[Items from a data source]
* * * * * * * * *

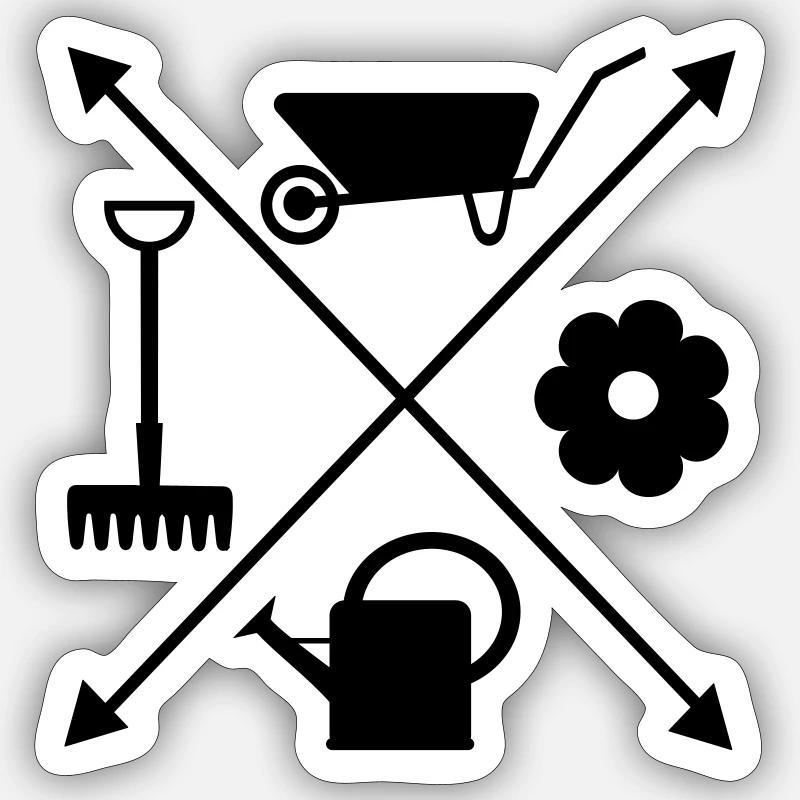 gartenkreuz2 - Sticker taille S (10 x 10 cm) - blanc mat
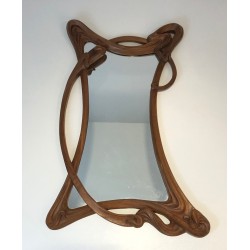 Miroir Art Nouveau en Noyer, Travail Français dans le Goût de Majorelle, Vers 1900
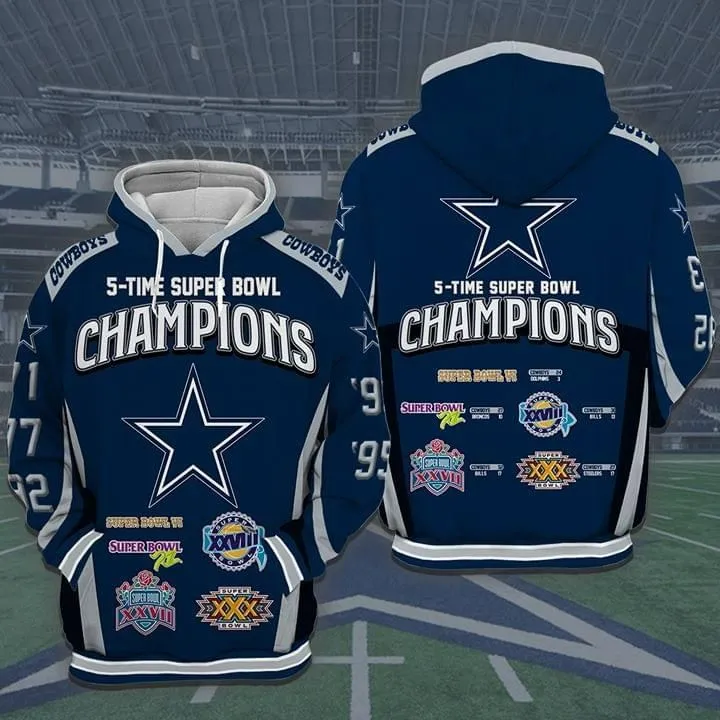 Dallas cowboys 5 timeuper bowl champions 3d hoodieweater tshirt Zipper Hoodie 3D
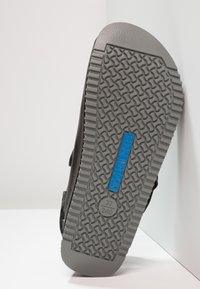 Black sandal sole with textured grey rubber, featuring a blue "Birkenstock" label and sizing details. Design includes a wide strap for support.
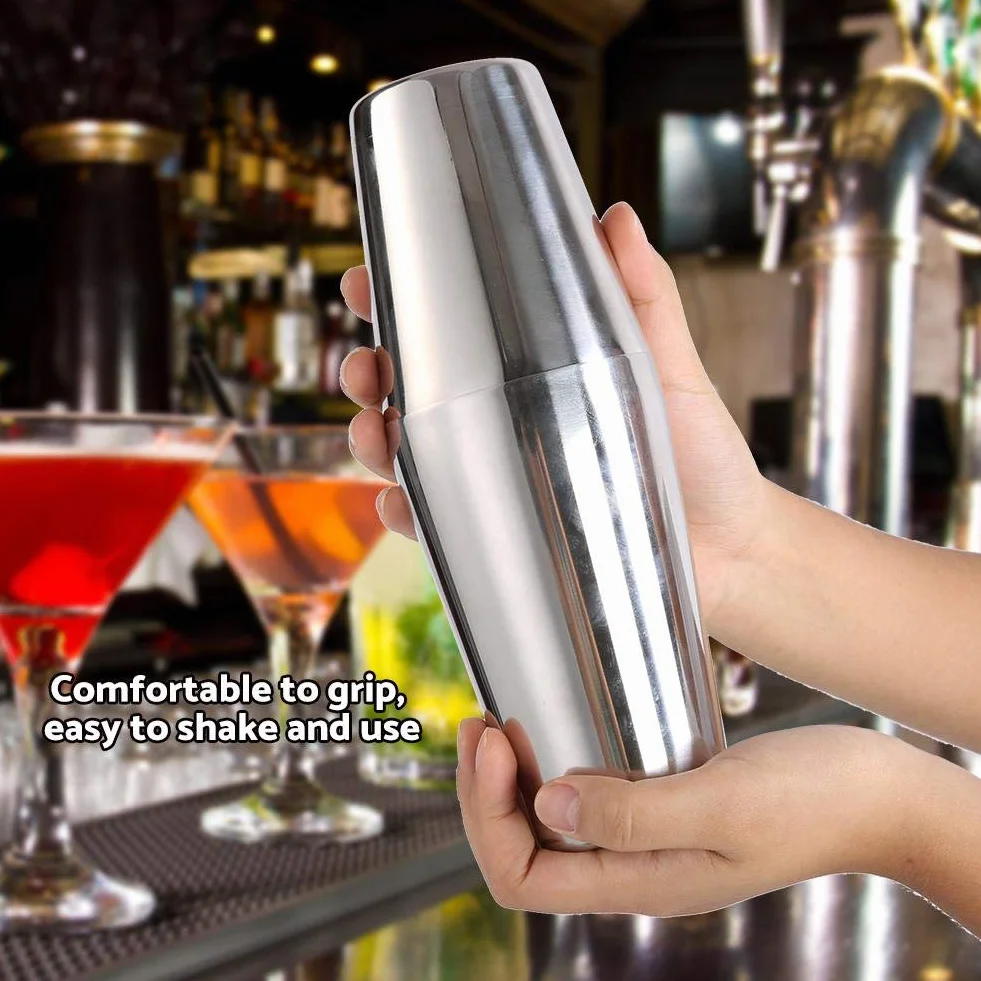 Boston Shaker Zestaw shakerów do koktajli ze stali nierdzewnej Profesjonalny zestaw do robienia koktajli barmańskich 2 sztuki Zestawy puszek do wytrząsania Boston (600/450 ml)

* * * * * * * * *

WHAT IS NEEDED:
Apart from the pictures, the entries above are to be repeated in full and exactly.

EXPECTED OUTPUT:
 gartenkreuz2 - Sticker taille S (10 x 10 cm) - blanc mat
 Miroir Art Nouveau en Noyer, Travail Français dans le Goût de Majorelle, Vers 1900
 Dallas cowboys 5 timeuper bowl champions 3d hoodieweater tshirt Zipper Hoodie 3D
 Black sandal sole with textured grey rubber, featuring a blue "Birkenstock" label and sizing details. Design includes a wide strap for support.
 Boston Shaker Zestaw shakerów do koktajli ze stali nierdzewnej Profesjonalny zestaw do robienia koktajli barmańskich 2 sztuki Zestawy puszek do wytrząsania Boston (600/450 ml)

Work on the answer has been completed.